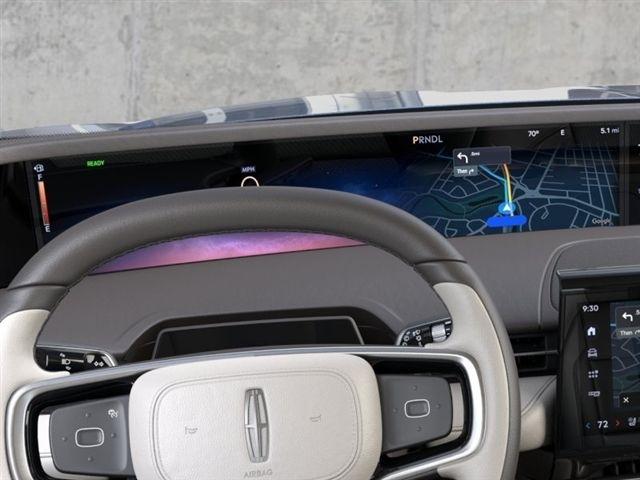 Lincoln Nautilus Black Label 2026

----------

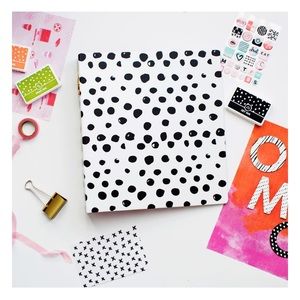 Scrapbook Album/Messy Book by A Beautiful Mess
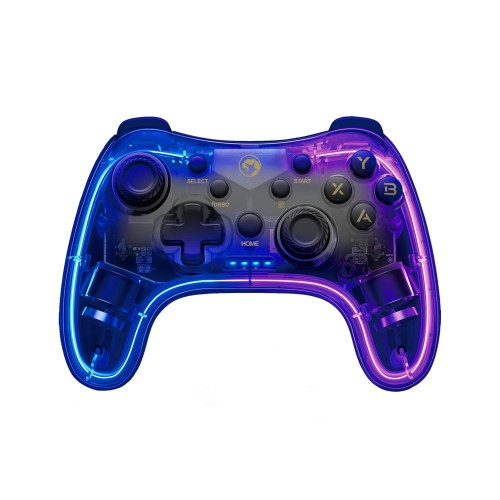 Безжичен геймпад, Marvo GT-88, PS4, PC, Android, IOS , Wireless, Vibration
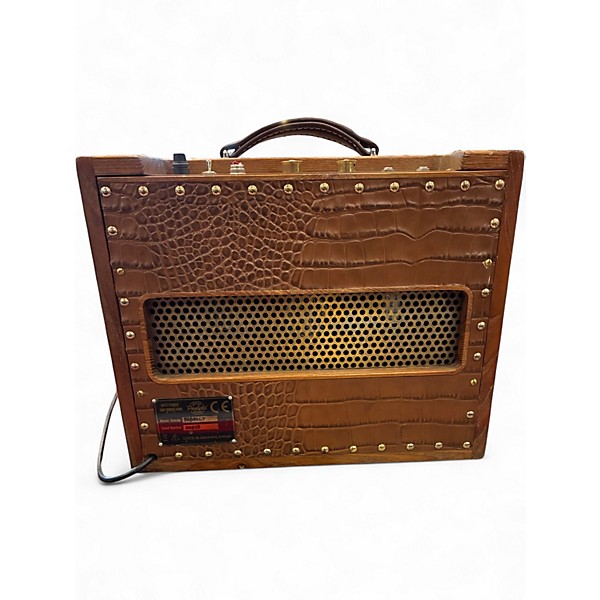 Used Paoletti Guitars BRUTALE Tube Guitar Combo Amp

----------

Your assignment >> An exact copy is needed of the stretch above that opens with the line containing "Scrapbook Album/Messy Book" and closes with the line containing "Used Paoletti Guitars"; the pictures are not part of it.

Response area >>
 Scrapbook Album/Messy Book by A Beautiful Mess
 Безжичен геймпад, Marvo GT-88, PS4, PC, Android, IOS , Wireless, Vibration
 Used Paoletti Guitars BRUTALE Tube Guitar Combo Amp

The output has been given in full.